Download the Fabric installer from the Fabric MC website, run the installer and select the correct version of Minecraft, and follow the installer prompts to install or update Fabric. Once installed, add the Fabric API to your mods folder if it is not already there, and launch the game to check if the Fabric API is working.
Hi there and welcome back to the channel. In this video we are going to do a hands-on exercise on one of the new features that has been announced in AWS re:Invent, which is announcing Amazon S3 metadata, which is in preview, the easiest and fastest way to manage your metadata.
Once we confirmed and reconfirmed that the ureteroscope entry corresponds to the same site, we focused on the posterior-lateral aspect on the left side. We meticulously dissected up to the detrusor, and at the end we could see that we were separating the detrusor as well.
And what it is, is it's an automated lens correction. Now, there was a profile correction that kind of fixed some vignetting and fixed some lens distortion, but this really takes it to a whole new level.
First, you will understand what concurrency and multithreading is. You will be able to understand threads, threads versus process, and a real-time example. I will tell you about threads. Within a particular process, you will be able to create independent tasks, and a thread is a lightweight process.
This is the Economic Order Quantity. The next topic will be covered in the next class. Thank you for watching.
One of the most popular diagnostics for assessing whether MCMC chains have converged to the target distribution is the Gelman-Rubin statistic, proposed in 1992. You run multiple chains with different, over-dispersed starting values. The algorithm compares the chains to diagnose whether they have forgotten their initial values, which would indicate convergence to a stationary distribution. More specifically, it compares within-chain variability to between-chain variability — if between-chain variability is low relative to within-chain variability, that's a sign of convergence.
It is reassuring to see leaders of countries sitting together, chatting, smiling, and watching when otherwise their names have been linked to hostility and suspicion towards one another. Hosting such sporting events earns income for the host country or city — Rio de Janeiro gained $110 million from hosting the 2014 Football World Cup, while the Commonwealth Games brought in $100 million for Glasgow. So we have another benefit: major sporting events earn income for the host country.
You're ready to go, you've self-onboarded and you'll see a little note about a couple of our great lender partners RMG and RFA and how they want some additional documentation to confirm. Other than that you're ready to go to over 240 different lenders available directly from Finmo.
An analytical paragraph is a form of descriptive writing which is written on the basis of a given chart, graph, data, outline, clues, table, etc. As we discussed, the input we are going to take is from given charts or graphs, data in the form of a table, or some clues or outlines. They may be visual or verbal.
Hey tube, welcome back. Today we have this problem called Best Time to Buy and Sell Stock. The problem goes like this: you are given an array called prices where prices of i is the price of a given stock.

********************

- Description of the task
Scan the material for lines with the word "that", and copy each line you find.

- Output of the exercise
Hi there and welcome back to the channel. In this video we are going to do a hands-on exercise on one of the new features that has been announced in AWS re:Invent, which is announcing Amazon S3 metadata, which is in preview, the easiest and fastest way to manage your metadata.
Once we confirmed and reconfirmed that the ureteroscope entry corresponds to the same site, we focused on the posterior-lateral aspect on the left side. We meticulously dissected up to the detrusor, and at the end we could see that we were separating the detrusor as well.
And what it is, is it's an automated lens correction. Now, there was a profile correction that kind of fixed some vignetting and fixed some lens distortion, but this really takes it to a whole new level.
One of the most popular diagnostics for assessing whether MCMC chains have converged to the target distribution is the Gelman-Rubin statistic, proposed in 1992. You run multiple chains with different, over-dispersed starting values. The algorithm compares the chains to diagnose whether they have forgotten their initial values, which would indicate convergence to a stationary distribution. More specifically, it compares within-chain variability to between-chain variability — if between-chain variability is low relative to within-chain variability, that's a sign of convergence.
You're ready to go, you've self-onboarded and you'll see a little note about a couple of our great lender partners RMG and RFA and how they want some additional documentation to confirm. Other than that you're ready to go to over 240 different lenders available directly from Finmo.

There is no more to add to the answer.